Hi bass anglers! We changed things up a bit for the 2020 Better Half Tour. 3 Ohio tournaments, 3 New York. Total Weight Championship for both OH and NY, plus Points Championship (4 tournaments required). Still have our Record Breaker bonuses and two Big Bass spots for each tournament, too. LOTS of ways to win while having a fun day out on the water. Here is the schedule:
Saturday, May 9th - Lake Milton - Spring Fling
Saturday, June 20th - Chautauqua Lake - Chautauqua Clash
Saturday, July 25th - Chautauqua Lake - Weekend Getaway
Saturday, August 22nd - Mosquito Lake - Mosquito Bite
Saturday, September 12th - Chautauqua Lake - Smallie Social
Saturday, October 3rd - Portage Lakes - Fall Classic
$70 Entry, $10 Big Bass, $40 Yearly Team Membership.


----------



## BASSINONE (Oct 24, 2013)

ramp 5/9?tbx elites are at pointview,same day.


----------



## Buzzking (Feb 15, 2013)

BASSINONE said:


> ramp 5/9?tbx elites are at pointview,same day.

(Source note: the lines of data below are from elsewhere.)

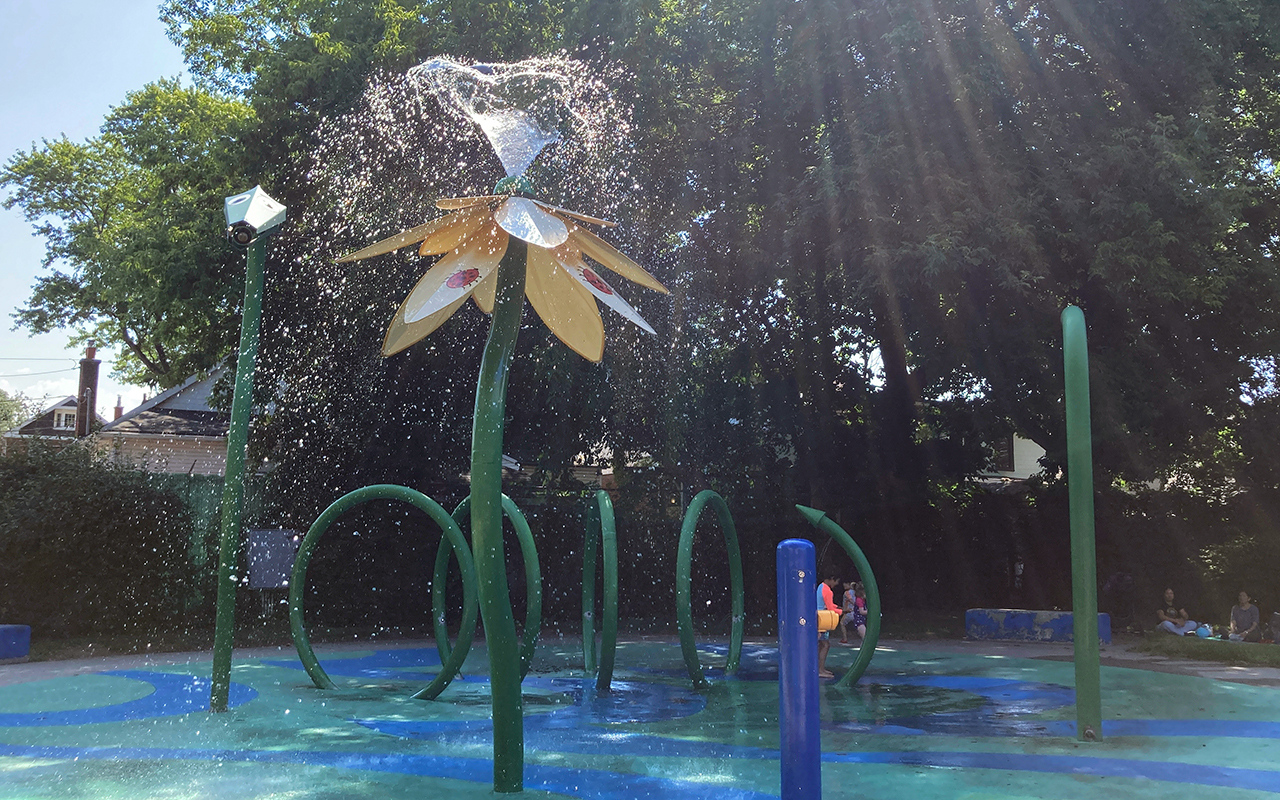 High flower fountain spraying water over a large area of the splash pad.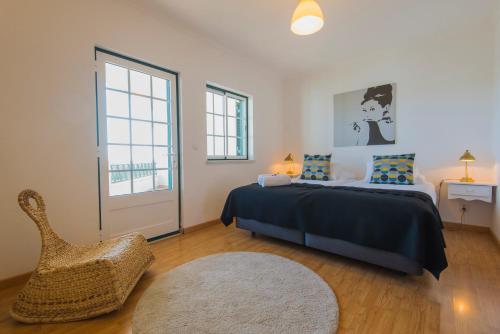 a bedroom with a bed and a chair and a window at Refugio da Longueira in Longueira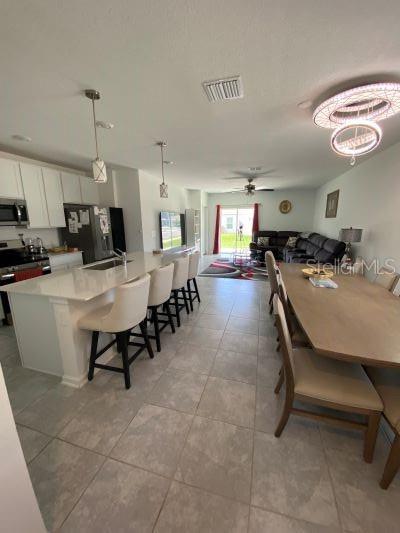 An open-concept kitchen and dining area features a large island, pendant lighting, and tile flooring — 4258 TWISTED TWIG BEND, KISSIMMEE, FL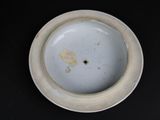 a white plate with a bird on it on a black surface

They will give permits to up to three tournaments a day at Lake Milton it's a fact. No one can miss everyone else no matter who is first. Welcome to Ohio's crowded waterways! (sarcasm)


----------



## BetterHalfBassin' (Jan 11, 2020)

BASSINONE said:


> ramp 5/9?tbx elites are at pointview,same day.


Jersey St. ramp. Same thing happened last year. Out of my control, sorry


----------



## Buzzking (Feb 15, 2013)

I'm sure our club will be sharing lakes this year. If you do things correctly and get permits for your tournaments it is going to happen unfortunately.


----------



## BASSINONE (Oct 24, 2013)

Was not complaining,just wanted to know if both events were at the same ramp. I ran larger events for a few years, can't stop overlap. We have to many clubs, circuits for the small lakes we have here in Ohio. All well, fish on.....


----------



## lunker4141 (Apr 19, 2010)

When state parks give a permit for each ramp its bound to happen. Just have to go out and fish and try to play nice. In the end we are all out there doing something we love. Can't wait for spring!


----------



## BetterHalfBassin' (Jan 11, 2020)

Thanks, y'all - we are a laid back group that definitely will play nice if we are on the same lake!


----------